In general, that's what I recommend you do. A lot of reading. Look back through all the popular model and dataset releases and scour for them implementation details. What data processing/cleaning/filtering steps did they do? This will give you inspiration. I have found the Kimi K2 paper particularly inspiring as well, for how they did their data augmentation and synthetic data.

Ultimately, I think the answer to "how should I process what will become my training data" is highly dependent and contextual. So instead I focus on how to build out the infrastructure to do whatever you want.

Data pipelines are hell. This article has not been a very practical guide. But hopefully it has helped call attention to the specific reasons why data pipelines are hard, and hopefully that aids you in your journey.

"You Should Build This"

No, lmao. This is hard. This is the effort of a whole-ass startup. I would prefer not to not half-ass something like this, and at present I would not be able to give it the attention it deserves. I am doing data curation and cleaning work for my own purposes, but I am choosing to write throwaway scripts rather than go all out. But this is what I wish I had access to instead.

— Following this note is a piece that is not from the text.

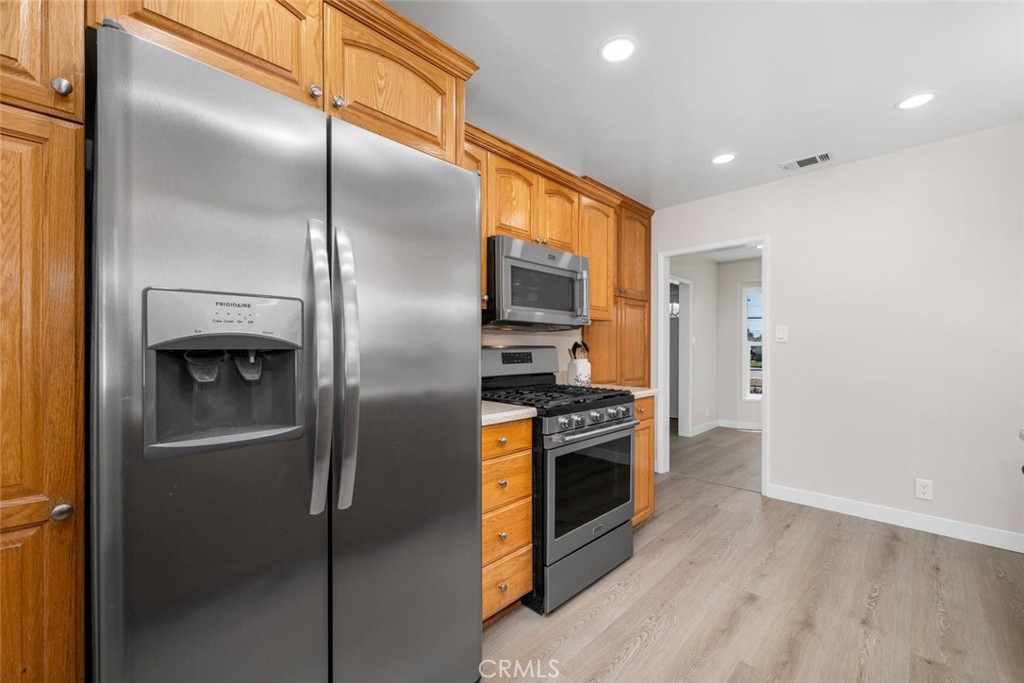 3819 North Studebaker Road Long Beach, CA 90808 - Photo 15 of 62 Side-by-side refrigerator included.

I would go all out though if someone wanted to fund or hire me, or give me money to build it for them. I could be convinced. It's work that I love doing, I just don't have a personal use for hundreds of terabytes of high quality training data. Yet surely someone else does. If you are interested, you can contact me with inquiries here.

I am convinced though that you do not need a differentiated data source to build high quality datasets. Filtering common crawl plus selective rescraping ought to be enough. High quality needles in the internet haystack are plentiful, but nobody seems to be looking. Everyone is just training on fineweb and calling it good. But probably the biggest gains in model training are going to come from advancing the state of the art in data curation.